D’aucuns suggèrent parfois de s’adresser aux instances du Codex Alimentarius sans avoir une idée précise ni sur ce qu’il faut demander exactement à cet organisme ni si l’Instance en question a quelque prérogative que ce soit pour apporter une solution au déséquilibre commercial que vit l’Afrique. Car à la fin des fins, en schématisant un peu, il s’agit de la tutelle sur un recueil de textes qui ont été adoptés par consensus, fréquemment en l’absence de pays concernés, mais qui sont à présent en vigueur. Sans oublier qu’en jouant un peu, avec un petit degré de mauvaise foi, sur le fameux « Principe de précaution » et la non moins fameuse clause comme quoi chaque pays a le droit de prendre des mesures de nature à préserver la santé de ses citoyens, et d’autres rubriques, de type technique et de procédure du même genre, inscrites dans les textes du Codex, il y a là des échappatoires en forme de boulevard pour tout pays qui souhaite utiliser de tels outils à son avantage pour barrer la route à des produits dont il ne veut pas sur son marché pour une raison ou une autre.

Comme on peut le déduire, nos pays africains ne sont présentement pas en mesure, loin de là, de rééquilibrer nos balances déficitaires avec nos voisins du nord, basées essentiellement sur le commerce de vente en vrac de produits agricoles et assimilés, en empruntant les voies réglementaires qu’ils ont eux-mêmes mises en place et qu’ils veulent bien mettre à notre disposition. Un accrochage frontal sur l’inflation des normes ne serait pas indiqué non plus car dans le scénario le plus optimiste, cela conduirait éventuellement à une victoire à la Pyrrhus sans aucun intérêt pour nos pays qui manquent cruellement de ressources.

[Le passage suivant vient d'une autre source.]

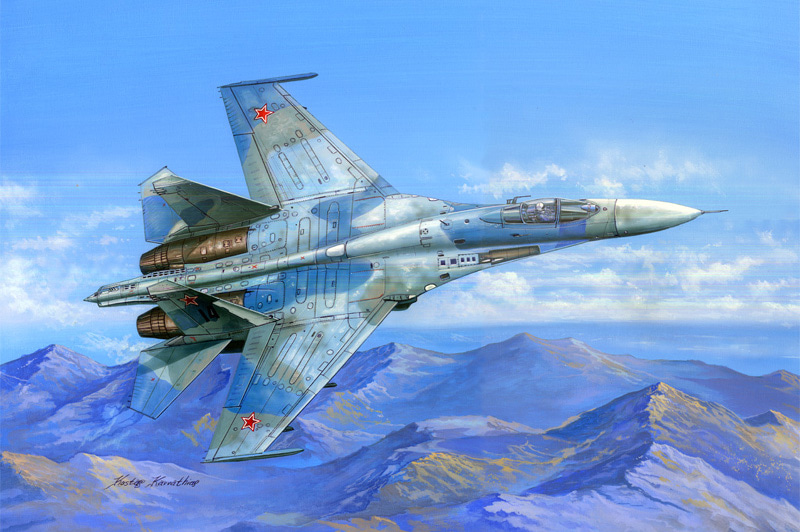 1/48 Su-27 Flanker B 81711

Au collège, nous avons appris que la compréhension d’un problème est 50% de la solution. Alors, quels sont nos problèmes en Afrique dans le secteur agroalimentaire? Nous vendons nos matières premières agricoles à prix ridicule et nous achetons les produits finis correspondants à prix prohibitif. Sous ce rapport, le problème est beaucoup moins grave que si nous n’avions pas de matières premières. En plus, tout le monde est conscient que le savoir-faire existe chez nous ou bien il est facilement accessible. Le financement suit les précédentes considérations. Pour ce qui manque, le Roi Mohammed VI a bien mis le doigt dessus lors de son discours du 31 Janvier 2017 devant le 28ème Sommet de l’Union Africaine à Addis-Abeba, à savoir que l’Afrique doit dorénavant faire confiance à ses propres ressources humaines au lieu d’emprunter chaque fois une expertise de l’extérieur qui revient très chère et se révèle de plus en plus inadaptée pour aider à faire avancer le développement en Afrique.

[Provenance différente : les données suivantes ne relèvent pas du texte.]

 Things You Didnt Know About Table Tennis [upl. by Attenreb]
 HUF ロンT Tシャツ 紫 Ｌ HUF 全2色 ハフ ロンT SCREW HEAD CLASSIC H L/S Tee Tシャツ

Pour tout ce qui précède, et d’autres considérations plus intimistes, le temps est venu de lancer un  Label-Qualité  Continental de Certification pour l’Afrique, basé sur des critères scientifiques et techniques rigoureux et qui soit financièrement à la portée des PME et des coopératives locales, pour honorer les opérateurs de notre continent qui œuvrent à l’émergence d’une approche de travail conforme aux règles de Sécurité Sanitaire prônées par le Codex Alimentarius au niveau de la chaîne alimentaire. Et pour booster le commerce interafricain sur le secteur agroalimentaire qui est le premier but à atteindre dans l’avenir proche.